Output must match the data below exactly from its first line through the line that contains "Personal Trainer /", with no other line.
........
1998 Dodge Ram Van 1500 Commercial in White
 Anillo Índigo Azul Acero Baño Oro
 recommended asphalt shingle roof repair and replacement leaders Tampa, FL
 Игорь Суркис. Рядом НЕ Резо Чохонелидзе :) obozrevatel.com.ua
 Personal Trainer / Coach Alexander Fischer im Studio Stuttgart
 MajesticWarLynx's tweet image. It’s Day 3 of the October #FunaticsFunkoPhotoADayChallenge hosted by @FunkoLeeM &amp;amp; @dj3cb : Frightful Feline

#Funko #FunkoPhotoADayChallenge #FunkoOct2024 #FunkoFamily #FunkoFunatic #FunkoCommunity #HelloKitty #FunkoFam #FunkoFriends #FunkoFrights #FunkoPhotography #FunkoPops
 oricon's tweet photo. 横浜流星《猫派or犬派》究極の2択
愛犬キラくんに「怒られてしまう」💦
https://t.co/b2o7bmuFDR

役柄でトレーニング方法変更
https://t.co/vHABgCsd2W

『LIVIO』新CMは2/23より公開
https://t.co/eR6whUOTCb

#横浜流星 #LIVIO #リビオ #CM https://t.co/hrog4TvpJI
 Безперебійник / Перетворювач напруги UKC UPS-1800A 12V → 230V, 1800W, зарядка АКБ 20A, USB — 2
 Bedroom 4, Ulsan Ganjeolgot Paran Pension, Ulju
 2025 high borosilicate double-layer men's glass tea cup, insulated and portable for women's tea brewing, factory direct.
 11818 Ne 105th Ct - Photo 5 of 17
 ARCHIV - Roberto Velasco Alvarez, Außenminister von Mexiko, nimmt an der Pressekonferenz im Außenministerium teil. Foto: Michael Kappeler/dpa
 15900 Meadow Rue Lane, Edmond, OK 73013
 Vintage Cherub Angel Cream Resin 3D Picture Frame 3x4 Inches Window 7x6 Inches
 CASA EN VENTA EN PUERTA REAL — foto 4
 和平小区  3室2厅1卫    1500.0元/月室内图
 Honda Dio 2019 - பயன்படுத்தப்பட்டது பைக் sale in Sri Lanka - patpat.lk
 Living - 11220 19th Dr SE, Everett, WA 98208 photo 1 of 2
........
*Exercise response:*
1998 Dodge Ram Van 1500 Commercial in White
 Anillo Índigo Azul Acero Baño Oro
 recommended asphalt shingle roof repair and replacement leaders Tampa, FL
 Игорь Суркис. Рядом НЕ Резо Чохонелидзе :) obozrevatel.com.ua
 Personal Trainer / Coach Alexander Fischer im Studio Stuttgart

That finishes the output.